By Ilya Kramnik, RIA Novosti,
Moscow : In ancient times, sports originated as peacetime rivalries between warriors. Running, boxing, wrestling, chariots racing were all elements of their military training and the best of them demonstrated their skills in competitive games.
The ancient Olympics, during which the warrior-sportsmen proved their skills, were held for more than 1,200 years.
The first confirmed Olympics took place in 776 B.C., while the last were held in 394 A.D, after which they were banned by the Roman Emperor Theodosius because, he said, they were pagan festivals.
For a millennium and a half, mankind forgot about sports. Different contests continued to be held, and the Middle Ages saw impressive tournaments between knights, but they hardly qualified as sporting competitions. During this period, people had no time for sports because of the disappearance of a common centre of civilisation, a role that Greece and later Rome played for more than a thousand years.
The ancient tradition was revived only in the late 19th century, when Europe once again came to perceive itself as a common civilisation. A French nobleman, Baron Pierre de Coubertin, was the author of the idea.
He pursued two goals – to make sports more popular at home (he believed that poor physical shape of French soldiers was one of the reasons for the defeat in the 1870-71 war with Prussia), and to unite different countries through peaceful competitions, which he considered the best way of avoiding wars.
The first modern Olympic games were held in Athens in 1896. In the following decades the Olympic movement had to fight for survival, because none of the major powers was interested in Courbertin’s ideas.
The Games in 1900 and 1904, combined with world exhibitions in Paris and Saint Louis, were not very popular because they were too long and lacked spectacular events.
The Olympic movement grew stronger by the fourth Games in London, which attracted some 2,000 athletes, more than the number of athletes in all the previous Games put together.
As a complicated social and political phenomenon, big-time sports emerged in the 1930s when the Third Reich tried to use the Berlin Games to prove the “Aryan race’s supremacy” to the whole world.
This phenomenon became fully established in the 1950s, when Soviet-US competition was transferred to the sports ground. From then on, the idea of sports independent of politics ceased to exist.
Sports were not only subject to politics, but became a major part of it.

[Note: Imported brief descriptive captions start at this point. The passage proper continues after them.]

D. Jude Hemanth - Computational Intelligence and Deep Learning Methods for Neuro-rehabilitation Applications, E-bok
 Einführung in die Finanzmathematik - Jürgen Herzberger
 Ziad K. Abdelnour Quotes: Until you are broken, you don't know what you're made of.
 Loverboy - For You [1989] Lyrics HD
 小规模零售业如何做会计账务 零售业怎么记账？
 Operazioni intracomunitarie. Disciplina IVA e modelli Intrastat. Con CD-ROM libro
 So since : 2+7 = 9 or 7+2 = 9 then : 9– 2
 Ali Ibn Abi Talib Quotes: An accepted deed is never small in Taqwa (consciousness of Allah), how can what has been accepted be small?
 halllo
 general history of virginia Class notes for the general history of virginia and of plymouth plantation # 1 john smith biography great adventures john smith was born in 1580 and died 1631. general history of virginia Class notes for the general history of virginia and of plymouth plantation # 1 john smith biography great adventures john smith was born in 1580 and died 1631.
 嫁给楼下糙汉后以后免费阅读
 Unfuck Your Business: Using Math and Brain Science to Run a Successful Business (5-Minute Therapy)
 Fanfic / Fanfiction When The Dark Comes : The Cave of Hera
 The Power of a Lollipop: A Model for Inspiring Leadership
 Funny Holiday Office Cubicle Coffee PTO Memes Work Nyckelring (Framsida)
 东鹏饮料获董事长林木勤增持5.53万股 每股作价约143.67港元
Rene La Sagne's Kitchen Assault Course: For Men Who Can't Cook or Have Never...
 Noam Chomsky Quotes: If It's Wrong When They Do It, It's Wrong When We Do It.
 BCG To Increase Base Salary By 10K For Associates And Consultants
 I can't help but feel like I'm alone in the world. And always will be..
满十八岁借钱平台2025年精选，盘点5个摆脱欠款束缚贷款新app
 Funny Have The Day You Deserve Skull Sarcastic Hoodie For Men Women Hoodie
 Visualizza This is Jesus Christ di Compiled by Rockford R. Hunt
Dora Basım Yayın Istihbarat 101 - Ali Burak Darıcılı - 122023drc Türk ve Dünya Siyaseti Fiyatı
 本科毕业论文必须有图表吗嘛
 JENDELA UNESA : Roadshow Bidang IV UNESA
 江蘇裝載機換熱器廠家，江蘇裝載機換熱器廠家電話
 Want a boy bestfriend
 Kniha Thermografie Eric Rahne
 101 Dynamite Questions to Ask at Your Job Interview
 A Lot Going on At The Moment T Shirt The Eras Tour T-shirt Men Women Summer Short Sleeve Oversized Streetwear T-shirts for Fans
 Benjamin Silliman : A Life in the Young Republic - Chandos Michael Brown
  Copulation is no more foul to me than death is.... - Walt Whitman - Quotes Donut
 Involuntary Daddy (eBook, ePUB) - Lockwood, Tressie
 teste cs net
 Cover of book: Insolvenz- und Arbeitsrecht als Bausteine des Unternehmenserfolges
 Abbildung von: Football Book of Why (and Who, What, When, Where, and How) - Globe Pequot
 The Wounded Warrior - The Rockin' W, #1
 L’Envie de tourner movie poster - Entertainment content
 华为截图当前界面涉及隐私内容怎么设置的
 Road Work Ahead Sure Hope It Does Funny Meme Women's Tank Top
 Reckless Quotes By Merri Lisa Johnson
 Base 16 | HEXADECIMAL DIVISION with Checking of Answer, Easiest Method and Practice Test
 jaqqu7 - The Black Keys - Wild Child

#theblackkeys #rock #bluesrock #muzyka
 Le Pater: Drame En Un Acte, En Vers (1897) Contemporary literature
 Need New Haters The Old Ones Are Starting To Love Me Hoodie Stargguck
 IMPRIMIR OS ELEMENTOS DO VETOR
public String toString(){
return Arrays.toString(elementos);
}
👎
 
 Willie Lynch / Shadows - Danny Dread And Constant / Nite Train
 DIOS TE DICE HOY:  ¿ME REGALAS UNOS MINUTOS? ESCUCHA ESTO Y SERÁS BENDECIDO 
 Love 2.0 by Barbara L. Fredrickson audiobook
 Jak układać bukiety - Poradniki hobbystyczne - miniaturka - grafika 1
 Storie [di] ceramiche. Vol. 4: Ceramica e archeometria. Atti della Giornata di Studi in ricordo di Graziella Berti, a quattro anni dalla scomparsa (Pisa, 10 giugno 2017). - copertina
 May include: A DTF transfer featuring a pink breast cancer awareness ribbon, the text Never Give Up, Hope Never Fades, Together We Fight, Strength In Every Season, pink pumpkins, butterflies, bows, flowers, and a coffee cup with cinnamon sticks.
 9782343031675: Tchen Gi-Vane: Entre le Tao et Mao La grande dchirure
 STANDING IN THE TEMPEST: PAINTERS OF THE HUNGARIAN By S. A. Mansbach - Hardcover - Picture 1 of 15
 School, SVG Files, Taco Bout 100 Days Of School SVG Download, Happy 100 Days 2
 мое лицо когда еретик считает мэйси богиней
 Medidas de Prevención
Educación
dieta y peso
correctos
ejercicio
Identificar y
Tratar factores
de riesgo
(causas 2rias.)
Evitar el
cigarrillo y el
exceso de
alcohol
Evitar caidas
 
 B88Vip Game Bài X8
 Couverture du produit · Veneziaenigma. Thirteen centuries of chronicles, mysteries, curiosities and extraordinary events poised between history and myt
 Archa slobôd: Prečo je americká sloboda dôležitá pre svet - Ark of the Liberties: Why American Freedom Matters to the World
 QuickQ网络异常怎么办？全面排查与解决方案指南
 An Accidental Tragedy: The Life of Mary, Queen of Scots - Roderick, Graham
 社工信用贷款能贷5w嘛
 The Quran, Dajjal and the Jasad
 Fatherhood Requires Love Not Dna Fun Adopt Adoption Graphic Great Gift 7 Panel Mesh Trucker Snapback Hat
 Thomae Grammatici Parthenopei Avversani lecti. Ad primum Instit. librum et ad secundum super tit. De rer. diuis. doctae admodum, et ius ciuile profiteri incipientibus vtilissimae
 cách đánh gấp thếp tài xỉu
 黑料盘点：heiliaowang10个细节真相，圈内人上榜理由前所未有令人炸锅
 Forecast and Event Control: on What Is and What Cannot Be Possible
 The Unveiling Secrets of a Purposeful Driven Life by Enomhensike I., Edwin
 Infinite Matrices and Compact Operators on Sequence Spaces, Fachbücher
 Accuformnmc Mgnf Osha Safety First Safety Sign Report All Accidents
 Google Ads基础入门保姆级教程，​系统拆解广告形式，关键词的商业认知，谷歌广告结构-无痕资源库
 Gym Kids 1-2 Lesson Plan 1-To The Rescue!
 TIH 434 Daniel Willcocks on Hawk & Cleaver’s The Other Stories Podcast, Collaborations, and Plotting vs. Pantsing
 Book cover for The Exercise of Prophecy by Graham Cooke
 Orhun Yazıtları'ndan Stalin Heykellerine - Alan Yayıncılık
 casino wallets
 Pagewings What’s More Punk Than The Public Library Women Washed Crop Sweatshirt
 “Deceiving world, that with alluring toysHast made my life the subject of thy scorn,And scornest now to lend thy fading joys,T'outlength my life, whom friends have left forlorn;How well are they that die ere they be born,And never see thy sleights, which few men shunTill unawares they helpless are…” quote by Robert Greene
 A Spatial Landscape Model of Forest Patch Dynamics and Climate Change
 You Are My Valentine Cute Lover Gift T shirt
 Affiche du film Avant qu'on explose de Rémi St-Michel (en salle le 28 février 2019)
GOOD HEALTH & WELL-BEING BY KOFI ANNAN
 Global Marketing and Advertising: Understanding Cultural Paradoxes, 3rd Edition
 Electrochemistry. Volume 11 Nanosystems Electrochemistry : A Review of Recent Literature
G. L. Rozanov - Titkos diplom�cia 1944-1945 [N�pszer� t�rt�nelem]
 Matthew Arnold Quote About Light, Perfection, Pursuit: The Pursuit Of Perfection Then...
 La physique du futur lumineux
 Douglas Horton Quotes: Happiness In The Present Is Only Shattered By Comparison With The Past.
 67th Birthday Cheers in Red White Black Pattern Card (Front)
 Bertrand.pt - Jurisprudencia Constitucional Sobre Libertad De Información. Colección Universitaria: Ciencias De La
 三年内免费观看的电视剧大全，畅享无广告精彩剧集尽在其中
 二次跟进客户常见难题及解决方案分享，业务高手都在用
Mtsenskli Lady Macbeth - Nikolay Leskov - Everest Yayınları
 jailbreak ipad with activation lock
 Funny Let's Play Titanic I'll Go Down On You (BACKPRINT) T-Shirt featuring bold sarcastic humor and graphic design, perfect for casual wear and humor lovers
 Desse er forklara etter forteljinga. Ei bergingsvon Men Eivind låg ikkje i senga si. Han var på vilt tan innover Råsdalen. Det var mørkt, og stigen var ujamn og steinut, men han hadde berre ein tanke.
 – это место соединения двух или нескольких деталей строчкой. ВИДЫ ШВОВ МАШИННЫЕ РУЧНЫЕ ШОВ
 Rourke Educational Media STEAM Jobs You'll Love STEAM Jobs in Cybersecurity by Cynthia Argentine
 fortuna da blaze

The superpowers could not afford an open armed clash and Olympics and other international arenas became the only places where the confrontation between Soviet Union and the US, could be fought in real time.
John F. Kennedy said that two things determined a nation’s prestige – space flights and Olympic gold medals.
This was probably the most honest motto of the Cold War. Big-time sports became part of this war, with teams turned into military units, and sports ground into battlefields.
For the Soviet team, the 1972 Munich Games were very convincing revenge for the defeat by the Americans in the non-official point-count in Mexico four years before.
The Soviets simply could not afford to lose in the year of the Soviet Union’s 50th anniversary. Soviet athletes won 99 medals, including 50 gold, one third more than the Americans.
The crowning glory came in the Basketballhalle, where the Soviet team was competing in the finals against the Americans, the absolute favourite which had not lost a single Olympic game in several decades running.
The last three seconds allowed Alexander Belov to score the victory in this incredible game.
Regrettably for all sports lovers, this long-standing confrontation was marred by two boycotts. The US and many other western countries refused to attend the 1980 Olympics in Moscow, and the Soviet Union reciprocated by boycotting the 1984 Games in Los Angeles.
The Soviet Union proved its worth in Seoul in 1988. It received 132 medals, including 55 gold, which compared to 94 and 36 American medals, respectively. The US came third after East Germany.
The Soviet triumph took place in Barcelona in 1992. The Soviet Union had already collapsed by that time, and a “combined team” played under the Olympic, rather than the Soviet, flag. It won 112 medals, including 45 gold, against the United States’ 108 and 37.
In the Atlanta and the Sydney Games in 1996 and 2000, the Russian team ranked second in the non-official point-count, and was third in Athens in 2004.
World’s athletes have gathered to compete in Beijing. China’s economic and political might has been steadily growing in the last few years, and Beijing hopes to win the Game in the non-official point-count.
The US wants to preserve its global lead, while Russia will have to fight hard to regain its lost positions.